SUBLETTE, Kan. (AP) -- Train whistles sounded as railcars filled with wheat slowly moved eastward along the tracks, headed for export to Mexico via Dodge City.

Here in the heart of Kansas' agricultural region, farmers and grain merchants have relied on the Cimarron Valley Railroad, a short-line railroad that helps get their crops to market, for the past 13 years.

Now, with the help of a public and private partnership between the Kansas Department of Transportation, the Port Authority of the Southwest and the Cimarron Valley Railroad, much needed upgrades will be made to the track.

"It's a major rehabilitation project," said John Maddox, with the freight and rail unit of the Kansas Department of Transportation. New cross ties will be installed and new ballast, as well as other track components, including some rail replacement. The project will cost $15 million, with each partner contributing $5 million.

According to Maddox, KDOT's money is coming from a grant and a convertible incentive-based loan.

"This is not federal money," he said. "These are state funds through the rail service improvement fund."

The rail lines run from Boise City, Okla., through Elkhart, Satanta and to Dodge City.
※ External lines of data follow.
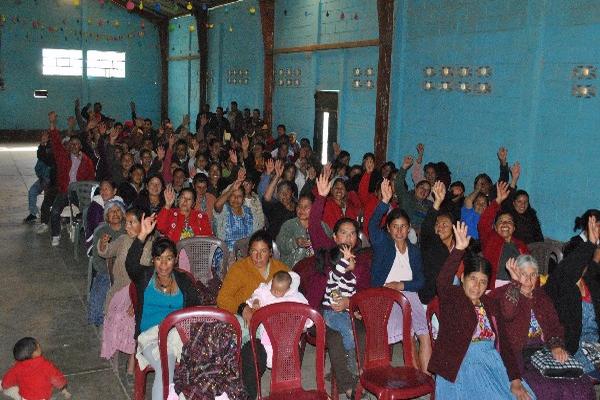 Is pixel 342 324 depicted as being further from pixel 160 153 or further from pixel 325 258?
pixel 160 153

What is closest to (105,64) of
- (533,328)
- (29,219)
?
(29,219)

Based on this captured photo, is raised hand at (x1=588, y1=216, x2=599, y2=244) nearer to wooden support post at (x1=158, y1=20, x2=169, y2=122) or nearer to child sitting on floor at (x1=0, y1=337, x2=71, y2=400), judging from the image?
child sitting on floor at (x1=0, y1=337, x2=71, y2=400)

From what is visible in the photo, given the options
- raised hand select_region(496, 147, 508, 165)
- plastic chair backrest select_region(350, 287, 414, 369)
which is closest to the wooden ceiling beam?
raised hand select_region(496, 147, 508, 165)

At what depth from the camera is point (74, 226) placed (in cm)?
780

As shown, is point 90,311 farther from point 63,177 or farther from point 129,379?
point 63,177

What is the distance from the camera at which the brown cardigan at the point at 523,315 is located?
12.4 ft

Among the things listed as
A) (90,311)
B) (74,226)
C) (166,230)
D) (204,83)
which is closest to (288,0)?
(204,83)

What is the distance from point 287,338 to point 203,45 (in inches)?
596

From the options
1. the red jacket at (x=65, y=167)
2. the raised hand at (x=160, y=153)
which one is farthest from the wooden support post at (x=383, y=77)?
the red jacket at (x=65, y=167)

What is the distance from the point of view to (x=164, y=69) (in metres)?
21.6

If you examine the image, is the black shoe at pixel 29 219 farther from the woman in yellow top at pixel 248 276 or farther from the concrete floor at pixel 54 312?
the woman in yellow top at pixel 248 276

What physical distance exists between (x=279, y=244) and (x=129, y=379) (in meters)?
1.63

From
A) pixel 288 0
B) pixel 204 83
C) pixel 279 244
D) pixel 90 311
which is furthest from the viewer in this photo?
pixel 204 83

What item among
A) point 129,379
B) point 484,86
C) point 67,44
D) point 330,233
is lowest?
point 129,379
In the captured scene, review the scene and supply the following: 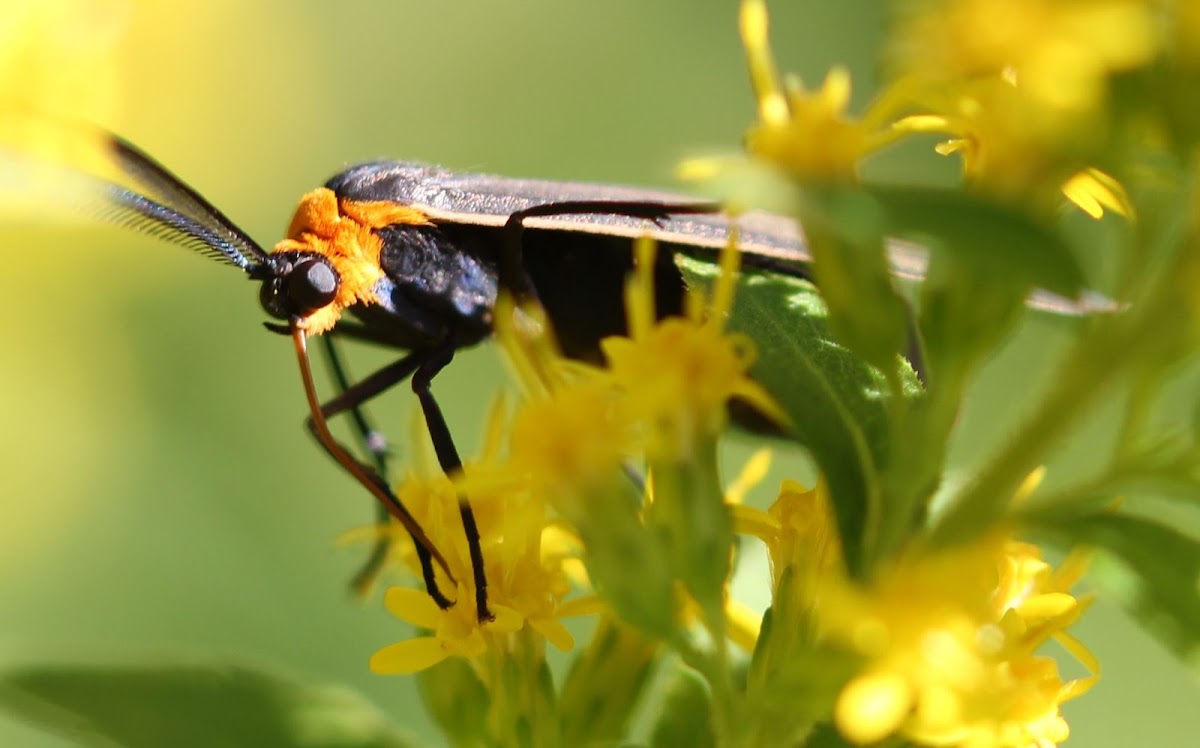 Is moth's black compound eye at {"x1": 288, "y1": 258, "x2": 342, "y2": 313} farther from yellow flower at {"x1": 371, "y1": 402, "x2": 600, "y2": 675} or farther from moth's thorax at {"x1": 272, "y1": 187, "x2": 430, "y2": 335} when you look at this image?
yellow flower at {"x1": 371, "y1": 402, "x2": 600, "y2": 675}

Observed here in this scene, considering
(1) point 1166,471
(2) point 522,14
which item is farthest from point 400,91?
(1) point 1166,471

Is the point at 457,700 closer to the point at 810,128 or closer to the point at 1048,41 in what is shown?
the point at 810,128

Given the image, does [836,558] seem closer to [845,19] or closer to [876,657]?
[876,657]

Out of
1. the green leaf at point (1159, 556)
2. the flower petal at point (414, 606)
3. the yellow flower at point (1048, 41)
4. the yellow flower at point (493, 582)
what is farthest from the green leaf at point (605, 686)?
the yellow flower at point (1048, 41)

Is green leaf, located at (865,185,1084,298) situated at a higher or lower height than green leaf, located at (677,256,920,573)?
lower

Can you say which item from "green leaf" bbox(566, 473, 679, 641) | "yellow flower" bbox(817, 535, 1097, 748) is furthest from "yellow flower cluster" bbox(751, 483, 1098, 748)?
"green leaf" bbox(566, 473, 679, 641)

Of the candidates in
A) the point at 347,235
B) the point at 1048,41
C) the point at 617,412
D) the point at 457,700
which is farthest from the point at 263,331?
the point at 1048,41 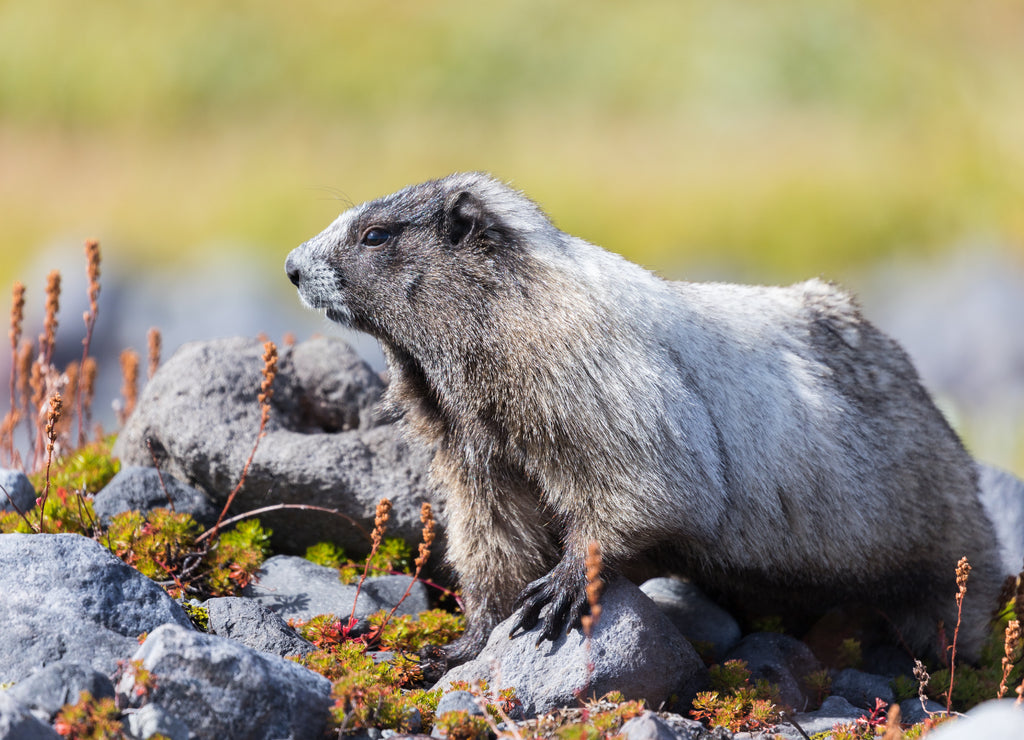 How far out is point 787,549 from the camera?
5785 mm

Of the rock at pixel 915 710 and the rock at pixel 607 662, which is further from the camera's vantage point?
the rock at pixel 915 710

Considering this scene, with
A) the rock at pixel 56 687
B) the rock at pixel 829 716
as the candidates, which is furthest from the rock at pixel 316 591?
the rock at pixel 829 716

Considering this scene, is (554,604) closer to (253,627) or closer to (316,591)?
(253,627)

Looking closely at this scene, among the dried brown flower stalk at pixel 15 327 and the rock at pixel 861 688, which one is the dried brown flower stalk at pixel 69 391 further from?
the rock at pixel 861 688

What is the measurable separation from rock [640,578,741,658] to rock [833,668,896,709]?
657mm

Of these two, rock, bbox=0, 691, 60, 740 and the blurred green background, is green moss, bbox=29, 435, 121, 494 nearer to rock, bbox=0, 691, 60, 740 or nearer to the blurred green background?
rock, bbox=0, 691, 60, 740

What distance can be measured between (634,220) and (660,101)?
2.50m

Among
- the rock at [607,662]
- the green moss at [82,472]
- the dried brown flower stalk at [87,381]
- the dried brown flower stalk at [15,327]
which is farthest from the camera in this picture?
the dried brown flower stalk at [87,381]

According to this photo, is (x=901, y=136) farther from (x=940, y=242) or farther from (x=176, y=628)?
(x=176, y=628)

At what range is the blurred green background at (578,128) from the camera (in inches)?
711

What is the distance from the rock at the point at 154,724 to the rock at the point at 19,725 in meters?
0.29

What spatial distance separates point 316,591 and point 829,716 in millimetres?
3000

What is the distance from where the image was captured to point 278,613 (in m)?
5.89

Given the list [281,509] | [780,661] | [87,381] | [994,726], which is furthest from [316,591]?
[994,726] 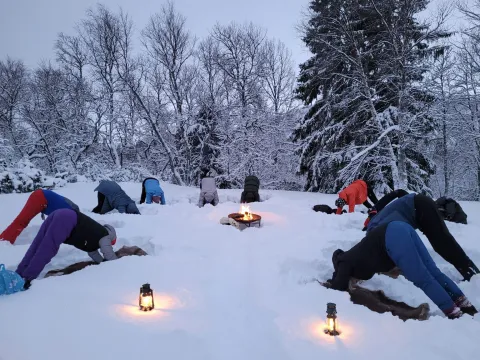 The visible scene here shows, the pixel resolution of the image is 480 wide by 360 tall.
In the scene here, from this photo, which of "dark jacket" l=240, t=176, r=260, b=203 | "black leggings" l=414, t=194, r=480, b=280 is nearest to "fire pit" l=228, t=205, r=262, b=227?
"dark jacket" l=240, t=176, r=260, b=203

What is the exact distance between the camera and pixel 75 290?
10.5 ft

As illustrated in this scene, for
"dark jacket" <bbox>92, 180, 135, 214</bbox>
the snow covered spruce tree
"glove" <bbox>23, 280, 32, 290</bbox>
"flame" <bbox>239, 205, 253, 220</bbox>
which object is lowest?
"glove" <bbox>23, 280, 32, 290</bbox>

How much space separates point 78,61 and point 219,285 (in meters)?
20.6

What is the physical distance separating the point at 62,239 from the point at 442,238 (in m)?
4.45

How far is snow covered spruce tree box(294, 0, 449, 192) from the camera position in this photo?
11.0 metres

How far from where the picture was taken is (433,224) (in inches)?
145

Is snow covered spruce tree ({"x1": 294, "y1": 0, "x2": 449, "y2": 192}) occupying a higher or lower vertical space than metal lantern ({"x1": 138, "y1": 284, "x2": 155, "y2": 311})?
higher

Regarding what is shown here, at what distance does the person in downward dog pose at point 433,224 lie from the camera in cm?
364

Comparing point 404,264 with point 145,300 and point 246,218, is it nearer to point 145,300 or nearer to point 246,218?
point 145,300

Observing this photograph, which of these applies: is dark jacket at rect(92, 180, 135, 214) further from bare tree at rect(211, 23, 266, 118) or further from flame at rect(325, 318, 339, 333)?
bare tree at rect(211, 23, 266, 118)

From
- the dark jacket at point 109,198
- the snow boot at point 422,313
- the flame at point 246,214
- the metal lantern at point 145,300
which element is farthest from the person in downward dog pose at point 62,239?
the snow boot at point 422,313

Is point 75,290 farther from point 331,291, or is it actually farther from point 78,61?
point 78,61

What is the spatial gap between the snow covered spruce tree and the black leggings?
24.1ft

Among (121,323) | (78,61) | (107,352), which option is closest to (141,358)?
(107,352) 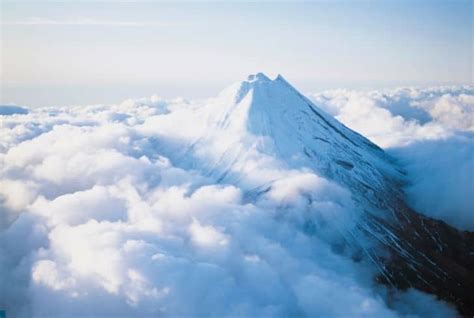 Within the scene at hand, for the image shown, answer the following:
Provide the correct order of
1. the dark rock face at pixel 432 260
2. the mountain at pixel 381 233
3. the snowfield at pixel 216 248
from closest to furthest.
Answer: the snowfield at pixel 216 248
the dark rock face at pixel 432 260
the mountain at pixel 381 233

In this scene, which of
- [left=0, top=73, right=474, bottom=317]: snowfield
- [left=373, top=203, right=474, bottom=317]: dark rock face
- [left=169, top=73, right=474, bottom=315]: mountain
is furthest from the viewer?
[left=169, top=73, right=474, bottom=315]: mountain

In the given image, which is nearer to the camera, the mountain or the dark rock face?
the dark rock face

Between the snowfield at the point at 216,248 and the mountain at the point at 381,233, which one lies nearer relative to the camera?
the snowfield at the point at 216,248

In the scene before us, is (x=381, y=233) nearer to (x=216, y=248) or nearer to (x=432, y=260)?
(x=432, y=260)

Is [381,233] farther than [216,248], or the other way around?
[381,233]

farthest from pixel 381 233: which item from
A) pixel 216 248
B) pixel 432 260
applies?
pixel 216 248

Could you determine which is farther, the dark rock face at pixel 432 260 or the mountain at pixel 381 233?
the mountain at pixel 381 233

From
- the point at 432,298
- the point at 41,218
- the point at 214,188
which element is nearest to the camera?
the point at 432,298

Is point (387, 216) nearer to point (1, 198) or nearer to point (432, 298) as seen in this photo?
point (432, 298)

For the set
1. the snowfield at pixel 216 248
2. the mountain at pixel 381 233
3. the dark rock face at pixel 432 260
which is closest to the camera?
the snowfield at pixel 216 248

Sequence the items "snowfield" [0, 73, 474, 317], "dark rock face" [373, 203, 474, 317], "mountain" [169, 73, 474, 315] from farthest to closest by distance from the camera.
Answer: "mountain" [169, 73, 474, 315] < "dark rock face" [373, 203, 474, 317] < "snowfield" [0, 73, 474, 317]

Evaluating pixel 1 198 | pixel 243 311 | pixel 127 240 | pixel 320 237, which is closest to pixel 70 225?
pixel 127 240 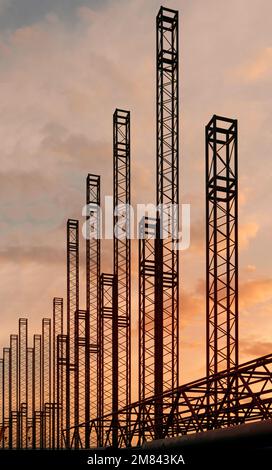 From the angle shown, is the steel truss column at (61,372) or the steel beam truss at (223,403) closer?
the steel beam truss at (223,403)

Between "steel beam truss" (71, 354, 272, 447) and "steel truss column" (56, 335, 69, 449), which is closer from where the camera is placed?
"steel beam truss" (71, 354, 272, 447)

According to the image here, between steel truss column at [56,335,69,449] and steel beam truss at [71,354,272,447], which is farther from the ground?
steel truss column at [56,335,69,449]

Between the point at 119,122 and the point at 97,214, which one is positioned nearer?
the point at 119,122

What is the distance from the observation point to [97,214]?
72.9 m

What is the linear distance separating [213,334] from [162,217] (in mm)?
10787

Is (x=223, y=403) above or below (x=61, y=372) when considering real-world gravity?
below

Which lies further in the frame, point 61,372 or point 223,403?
point 61,372

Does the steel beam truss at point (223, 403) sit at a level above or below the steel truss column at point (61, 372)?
below

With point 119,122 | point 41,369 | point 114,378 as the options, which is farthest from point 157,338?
point 41,369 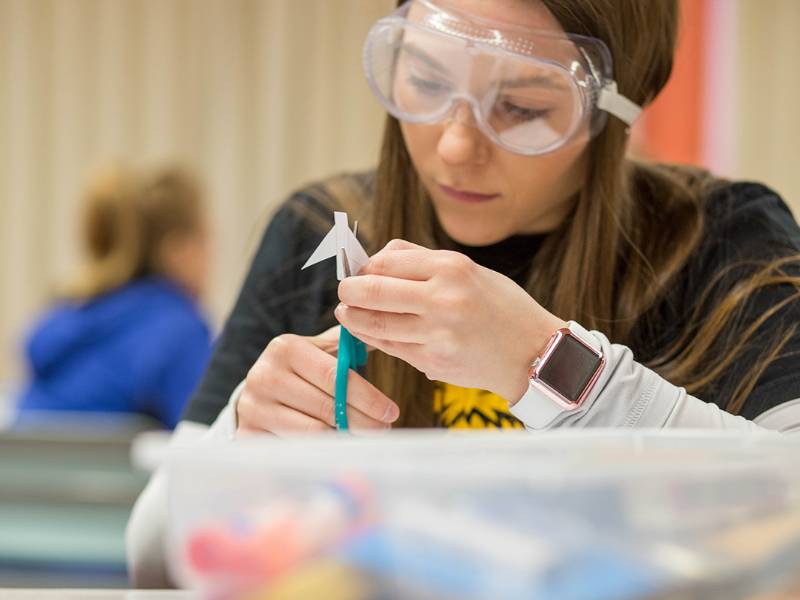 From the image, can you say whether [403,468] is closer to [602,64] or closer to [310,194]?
[602,64]

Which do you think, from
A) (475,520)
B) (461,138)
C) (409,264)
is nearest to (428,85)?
(461,138)

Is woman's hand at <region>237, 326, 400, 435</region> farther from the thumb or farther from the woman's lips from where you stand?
the woman's lips

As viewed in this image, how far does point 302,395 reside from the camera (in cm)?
95

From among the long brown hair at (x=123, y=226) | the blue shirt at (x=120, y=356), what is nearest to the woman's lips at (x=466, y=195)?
the blue shirt at (x=120, y=356)

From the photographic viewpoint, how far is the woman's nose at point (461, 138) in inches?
42.3

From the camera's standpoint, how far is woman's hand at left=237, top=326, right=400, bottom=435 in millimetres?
927

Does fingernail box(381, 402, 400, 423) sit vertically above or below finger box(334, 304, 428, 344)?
below

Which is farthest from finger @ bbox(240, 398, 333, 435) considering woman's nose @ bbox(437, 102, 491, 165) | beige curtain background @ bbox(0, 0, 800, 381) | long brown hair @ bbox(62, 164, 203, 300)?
beige curtain background @ bbox(0, 0, 800, 381)

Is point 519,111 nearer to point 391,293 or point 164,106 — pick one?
point 391,293

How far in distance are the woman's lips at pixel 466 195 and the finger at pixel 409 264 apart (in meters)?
0.31

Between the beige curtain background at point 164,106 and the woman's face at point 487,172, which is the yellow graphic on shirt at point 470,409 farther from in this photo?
the beige curtain background at point 164,106

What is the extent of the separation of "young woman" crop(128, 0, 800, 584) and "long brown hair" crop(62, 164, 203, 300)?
1.84 metres

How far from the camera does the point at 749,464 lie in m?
0.58

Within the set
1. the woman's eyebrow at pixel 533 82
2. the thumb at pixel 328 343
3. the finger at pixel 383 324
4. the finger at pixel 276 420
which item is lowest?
the finger at pixel 276 420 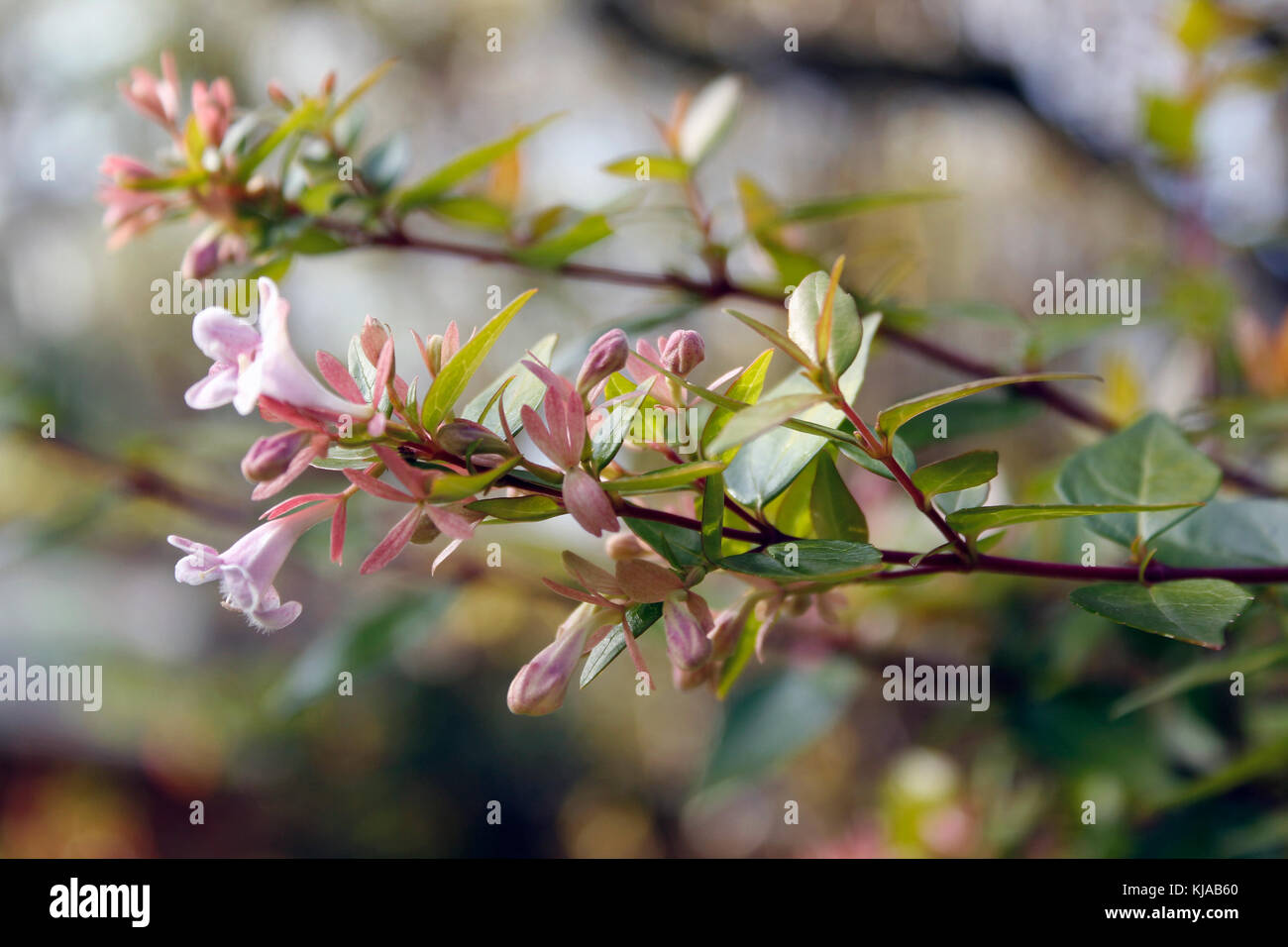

It also travels west from Satanta, through Grant and Stanton counties and into eastern Colorado.

Although the short line runs smoothly, Teresa Propeck, marketing director for The Western Group, the parent company of the railroad, based in Ogden, Utah, explained the line's business was growing.

"To keep rail lines viable for co-ops, farmers and the 90 percent-plus agricultural base of this region, the railroad improvements are literally a foundation for growth," said Greg Kissel, executive vice president of The Western Group. "Cimarron Valley Railroad is committed to enticing more industry to the area via the utilization of this freight line, and upgrading the track structure should make it possible to attract new businesses to a number of cities and counties scattered across southwest Kansas."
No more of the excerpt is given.